Il professor Andersen è, appunto, un professore universitario, un po’ dandy, insegna all’Università di Oslo, dove insegna letteratura, che è:
“un dandy antimaterialista in completo italiano solo al tavolo di un ristorante. Godeva comparire così davanti ai suoi studenti (…). In realtà non voleva far colpo su di loro, ma su se stesso. Indossare uno di quei completi gli dava un inebriante senso di libertà.”.
E’ la notte di Natale, e il professore sta festeggiando la ricorrenza con tutti i crismi. Non tanto perché ci crede, ma in quanto gli procura una felicità interiore, che è:
“ un ossequio alla tradizione culturale del suo paese, non da un senso religioso. La sua è una devozione atea a resti del passato, (…) smarrendosi nella nebbia della storia poco dopo aver visto la luce.”

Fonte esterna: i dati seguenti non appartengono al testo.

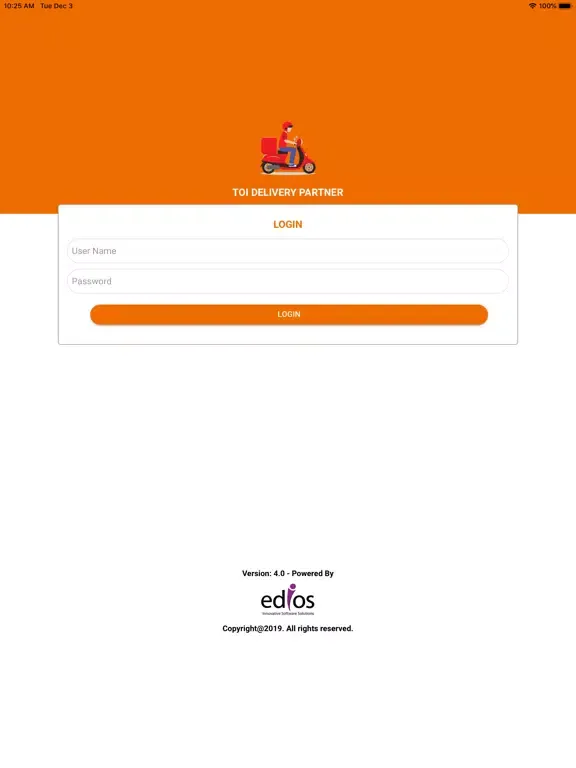 Edios TOI Delivery Partner iPad  سکرین شاٹس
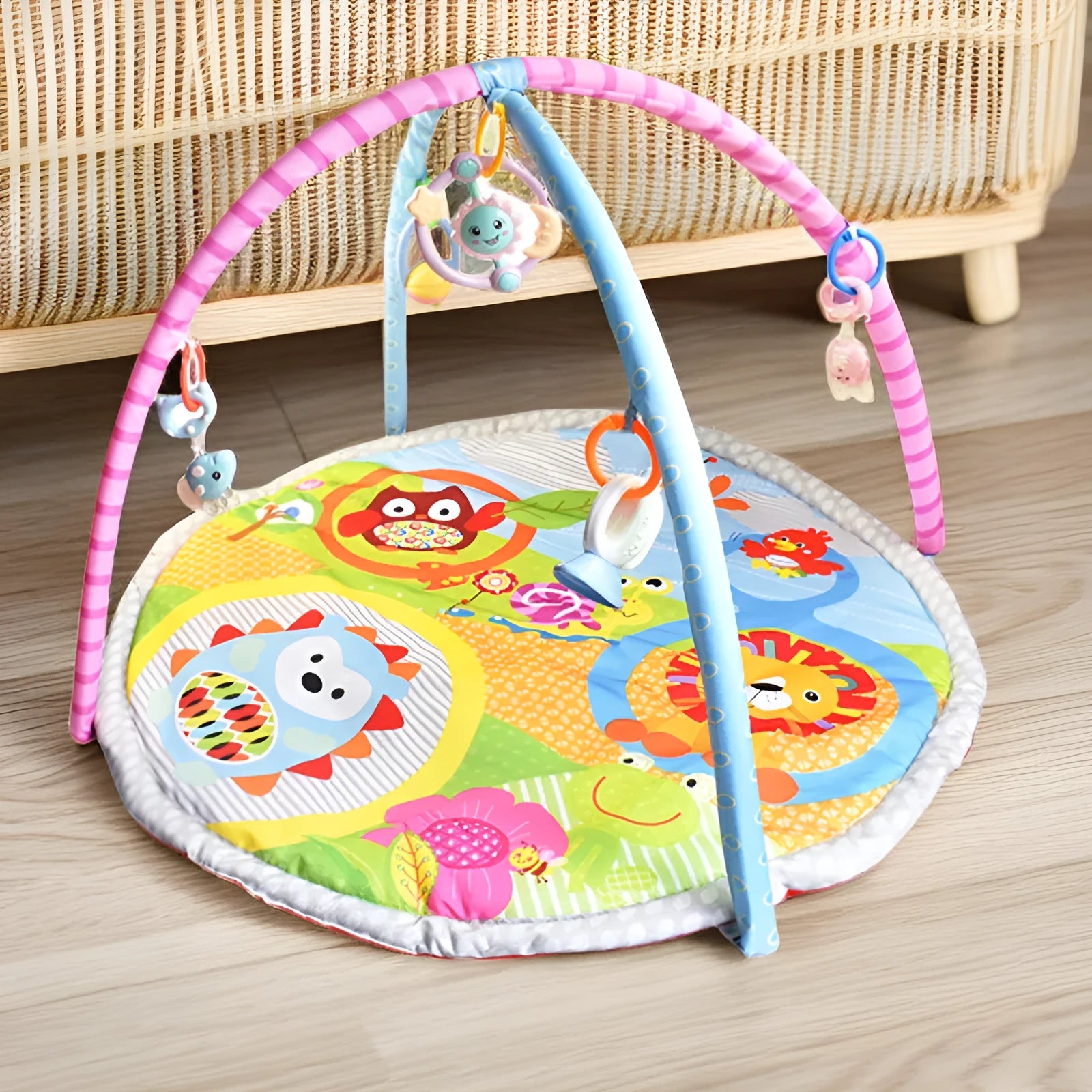 Baby gymnastic rack game blanket with velvet fabric crawling carpet in animal designs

In questo stato d’animo si affaccia alla finestra dove assiste ad un omicidio: un giovane uomo stringe forte il collo ad una donna, che crolla a terra. Dopo di che le tende vengono tirate e con loro cala il buio più totale. Il professore si rende conto di dover avvertire la polizia, ma non ci riesce. Solleva la cornetta del telefono e poi l’abbassa. Ne scaturisce il racconto, denso e filosofico, del flusso di coscienza che ne scaturisce. E’ uno scavo intimo e riflette non solo sulla coerenza e sul senso delle scelte individuali, ma anche sulla coscienza storica ed intellettuale della sua generazione. Ci sono pagine bellissime sullo scorrere del tempo e l’immortalità dell’ingegno dell’arte. Per non parlare della crisi dell’intellettuale moderno che lo conduce a domandarsi dove è finito il sentimento della sua generazione, quell’alleanza fra radicalismo politico ed avanguardia artistica, alla luce delle mutate condizioni socio-economiche della maturità.
Il dilemma è tra realtà e rappresentazione, e quello tra volontà e rappresentazione che sfocia in una forte dissonanza cognitiva: quello che è certamente successo (l’omicidio, di cui il lettore dubita fortemente), e il racconto, ovvero la rappresentazione di quel fatto.
Il colpo di scena di questo giallo metafisico è questa secca aporia lasciata in eredità al lettore. Così “l’autocoscienza” si disperde in una miriade di possibilità, che conducono al null, al nichilismo. Una lettura densa, molto forte.